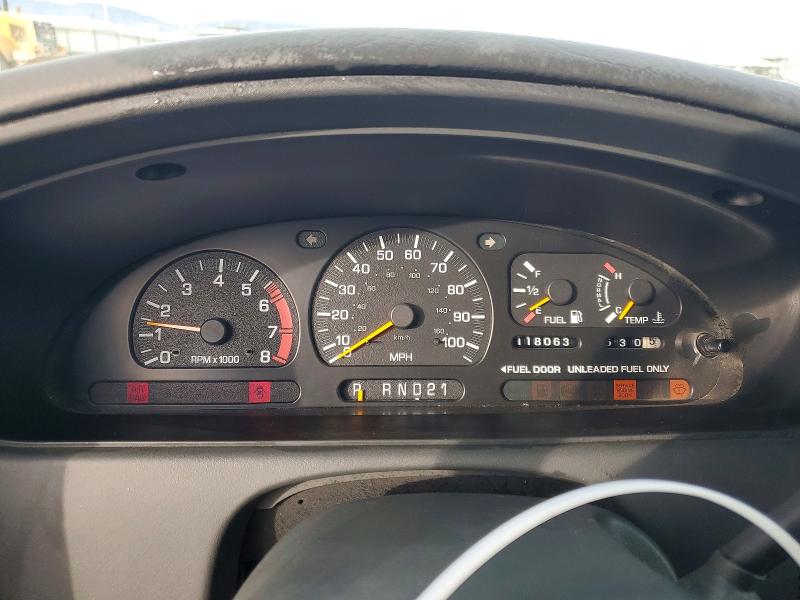Photo 9 from auction – 2000 MERCURY VILLAGER with VIN 4M2XV11TXYDJ14729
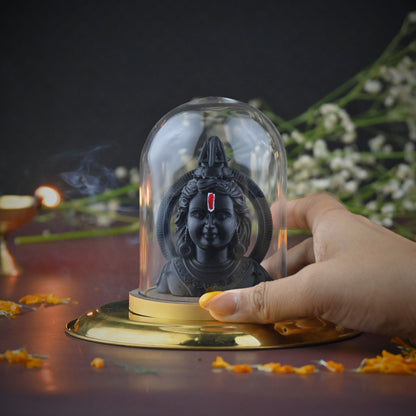 SHREEVADAN RAM(4 inch approx)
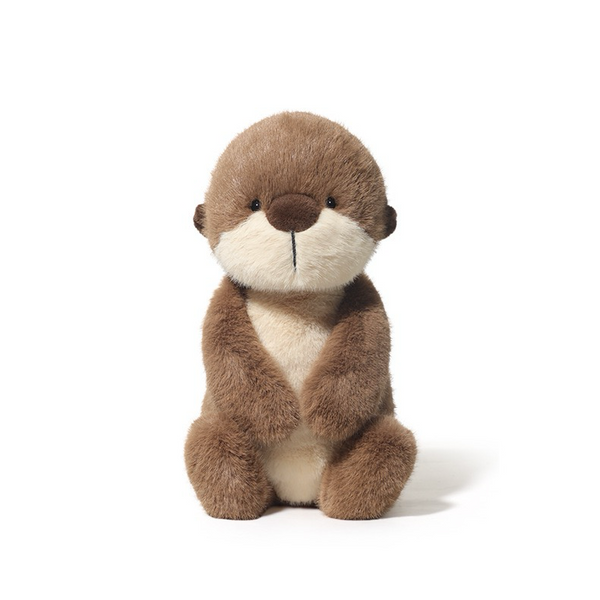 Obi Otter plush toy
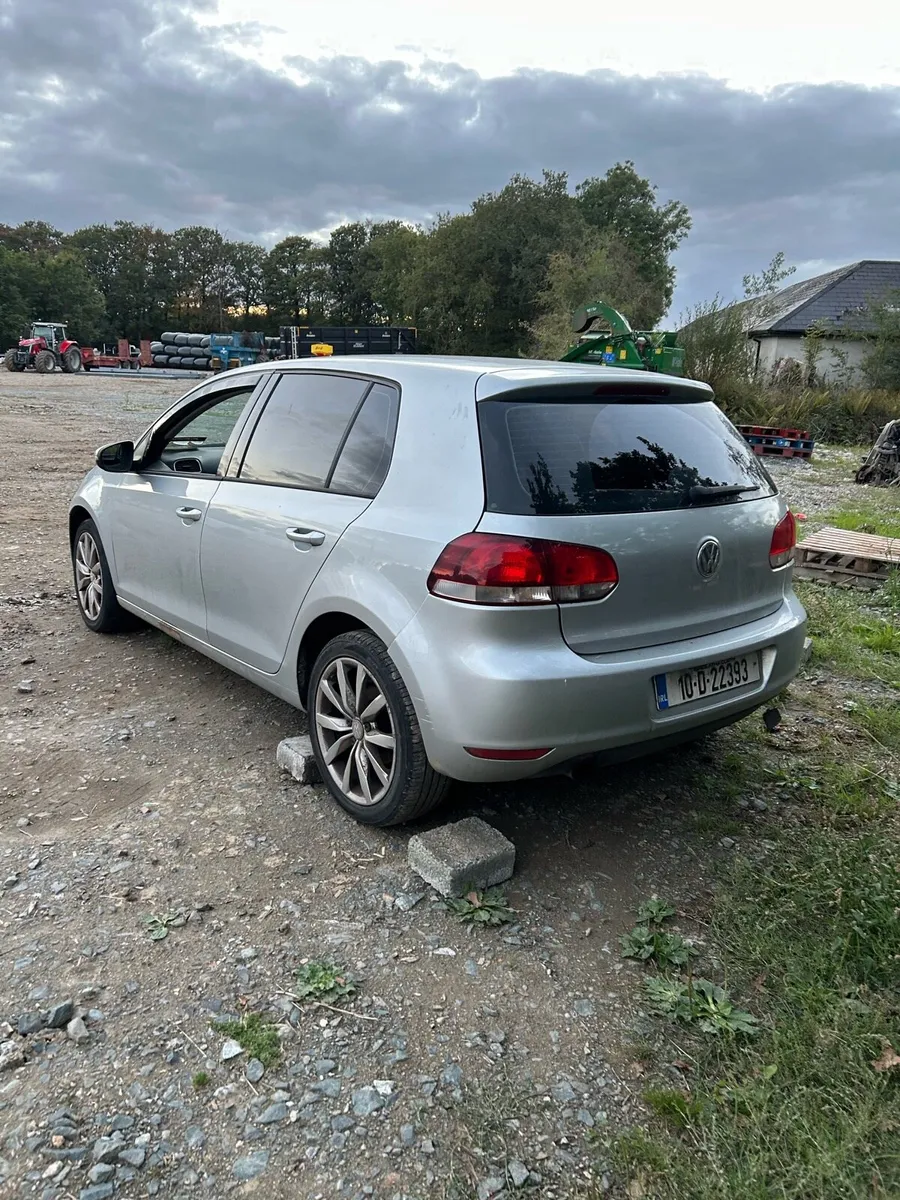 Mk6 golf 1.6tdi breaking - Image 4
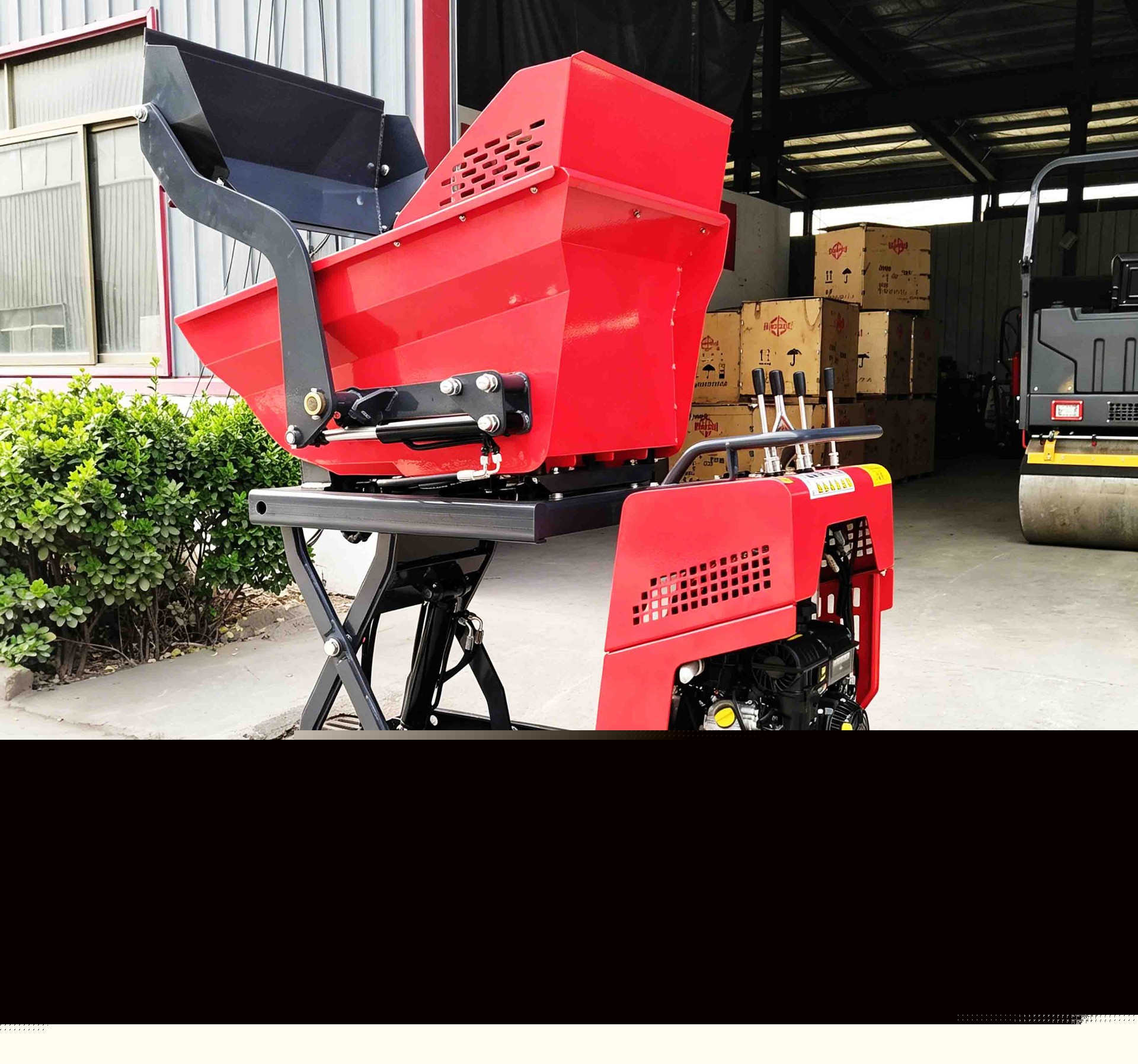 Elevate Your Efficiency: The Xinghang XHL Series and the Evolution of Vertical Handling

> [Task goal]: Each entry above should be given again exactly, with its pictures omitted.

> [Response to the exercise]:
Photo 9 from auction – 2000 MERCURY VILLAGER with VIN 4M2XV11TXYDJ14729
 SHREEVADAN RAM(4 inch approx)
 Obi Otter plush toy
 Mk6 golf 1.6tdi breaking - Image 4
 Elevate Your Efficiency: The Xinghang XHL Series and the Evolution of Vertical Handling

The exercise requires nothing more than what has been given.